I was already formulating a plan. As an only child, I was pretty skilled at making stuff up. That was how I kept myself entertained with no other kids around. I made up games. I made up stories. In my twelve years, I’d given my imagination more exercise than Mr. Hamilton had given the legs that were going to propel him to Olympic glory.
By the time I got home, I knew exactly what my novel was going to be. Back then, my two favorite movies were Airport—about a plane crash—and Jaws—which had terrified me all last summer. So I was going to write about an airliner that crashes into the ocean and everybody gets attacked by sharks.
“You don’t have any experience with that, honey,” my mother pointed out when I told her about it.
“Yeah, but I don’t have experience with anything,” I retorted. “It’s not my fault I lead a boring life!”

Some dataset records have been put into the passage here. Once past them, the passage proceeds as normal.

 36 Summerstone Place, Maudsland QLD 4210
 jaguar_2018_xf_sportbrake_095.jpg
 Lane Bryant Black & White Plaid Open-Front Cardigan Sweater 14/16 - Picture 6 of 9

“You could write about school,” she suggested. “You’re there five days a week.”
I shook my head. “Too many characters. For every kid in the class, you’ve got parents, brothers and sisters, pet Chihuahuas, neighbors, maybe stepparents. Who wants to keep track of all those people?”

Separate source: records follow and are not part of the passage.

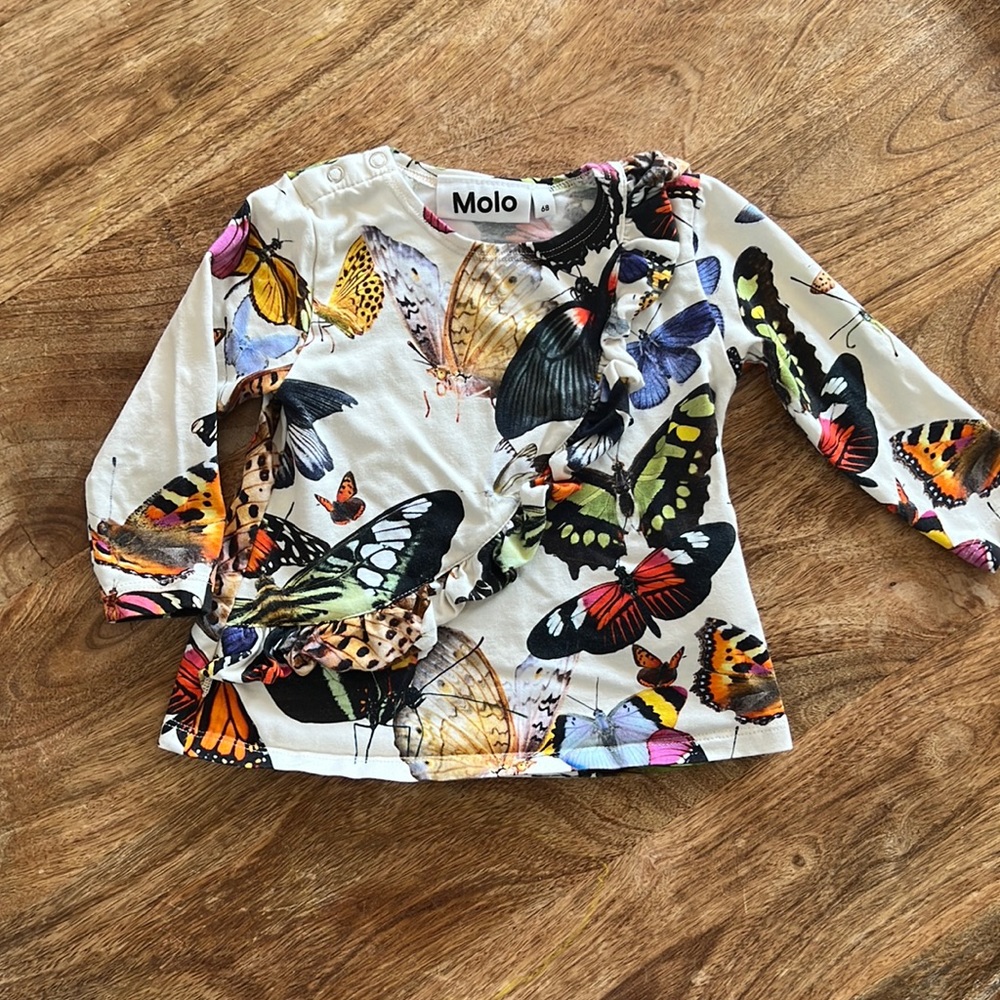 Molo little girl shirt size 68 (6-9m)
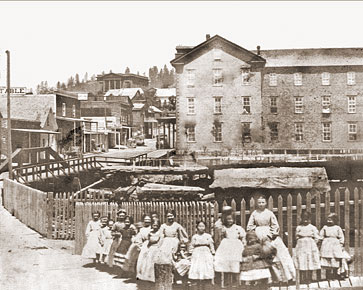 Vintage Photograph of Nevada City - Union Hotel & Courthouse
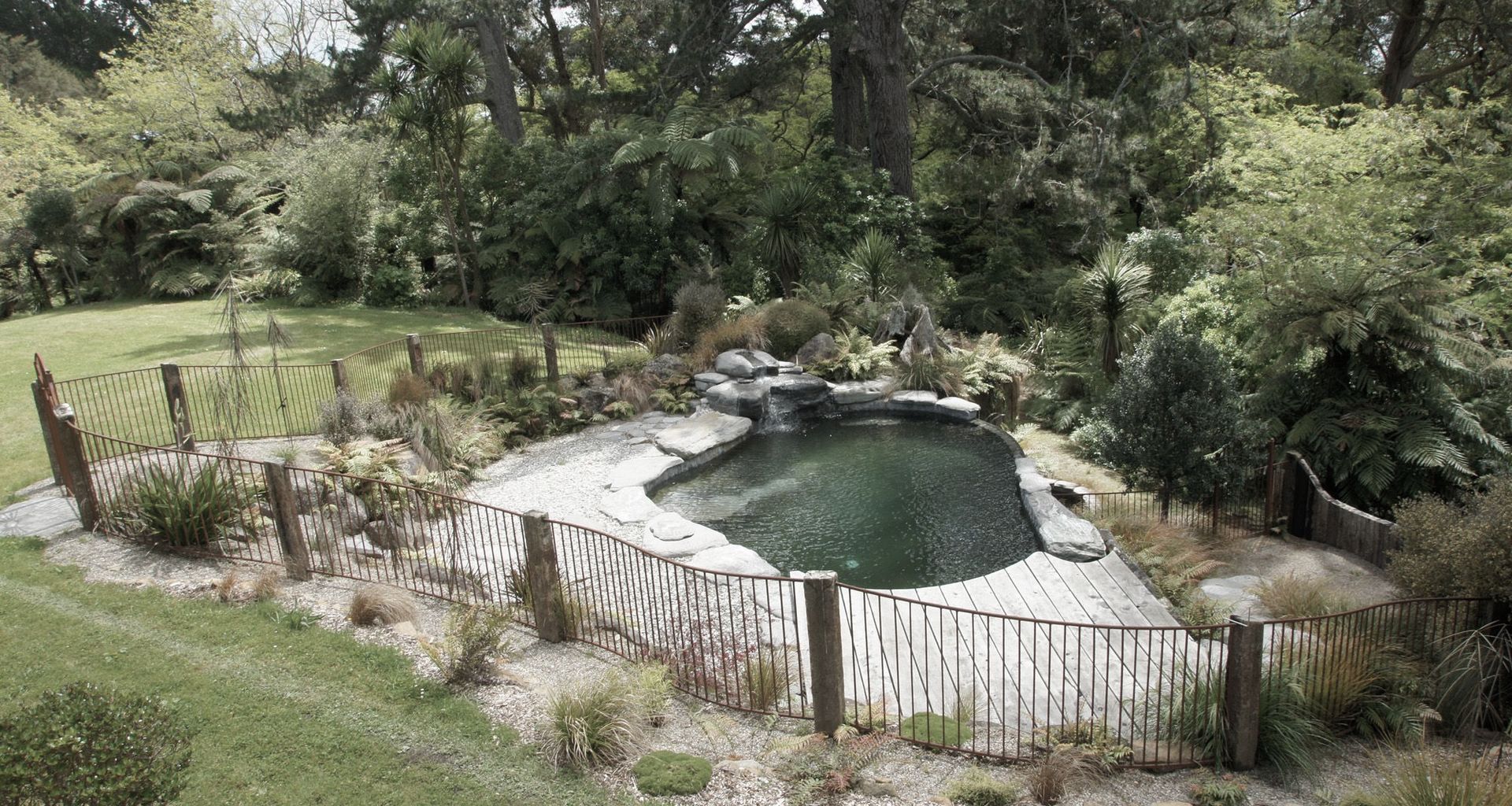 Infinity edge natural style swimming pool and Corten steel pool fencing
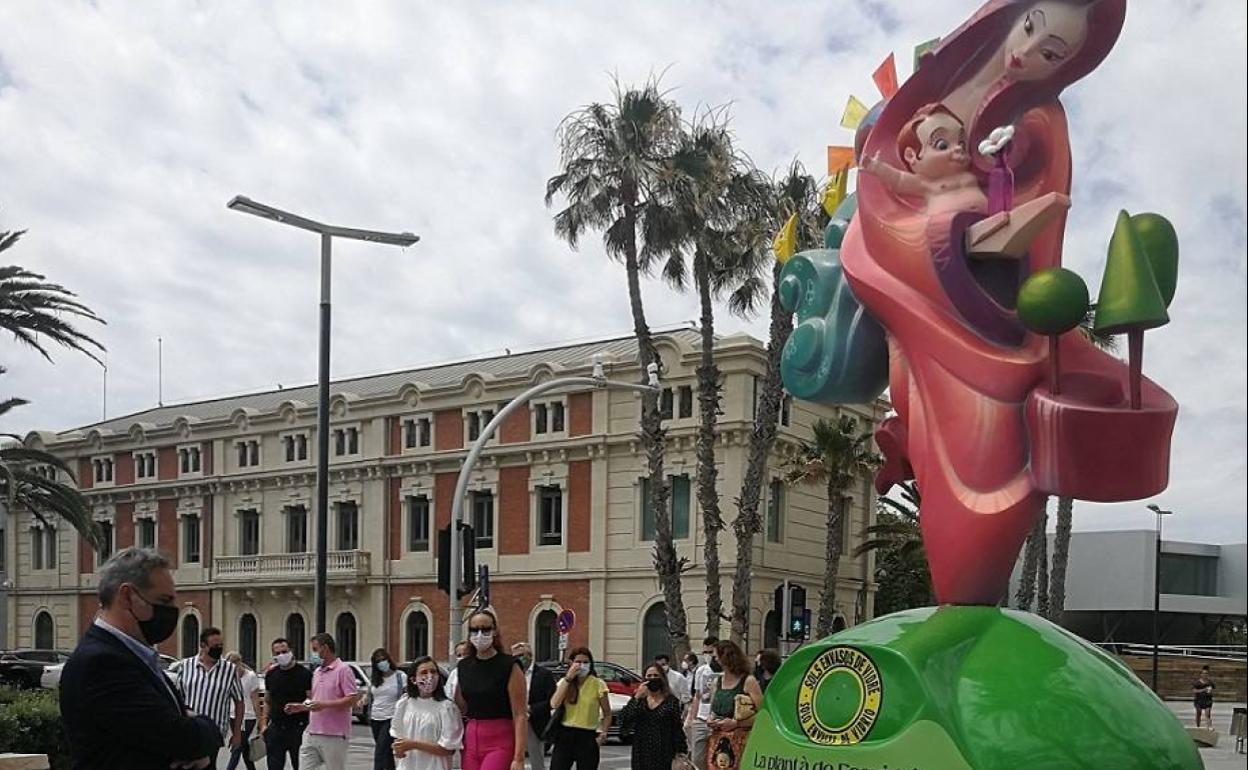 Uno de los doce ninots que se pueden ver en Alicante esta semana.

But even as I said it, an idea was taking shape in my head. What about boarding school? That would eliminate all the extra characters, because you live at the school! True, I’d never gone to boarding school, but I was sure I could fake it. I’d been to sleepaway camp—that counted as away from home. Put it together with school and you had school away from home!
The writing was just a blur. It unfolded almost like a movie in my head, and my job wasn’t so much creating it as describing what I saw. It felt natural—like something I was always meant to do. At first, I worked on my project in class like everybody else. Pretty soon, though, that forty-five-minute period seemed like it was over before it had even started. The next logical step was to bring my notebook home and write at night.
I was having a great time, but it wasn’t easy. It wasn’t supposed to be. A lot of kids in my class joked that Mr. Hamilton came up with the novel idea because a track coach didn’t want to have to think of a different writing assignment week after week. This was his way of saying, “Work on whatever you want for the rest of the year.” Still, I think he knew what he was doing. The project forced us to follow our outlines until the story was finished. And most of us pushed on clear through to the end of the year in June.
The result was This Can’t Be Happening at Macdonald Hall!—not just my novel for the assignment but my first novel, period. Mr. Hamilton gave me an A+ on it—although he also deducted one grade for messiness. So technically, I got a B+ on a book that’s been around for more than forty years. (I was in middle school in the 1970s, long before you could write on a Chromebook or iPad. Penmanship—is that even a word anymore?—was something you got graded on.)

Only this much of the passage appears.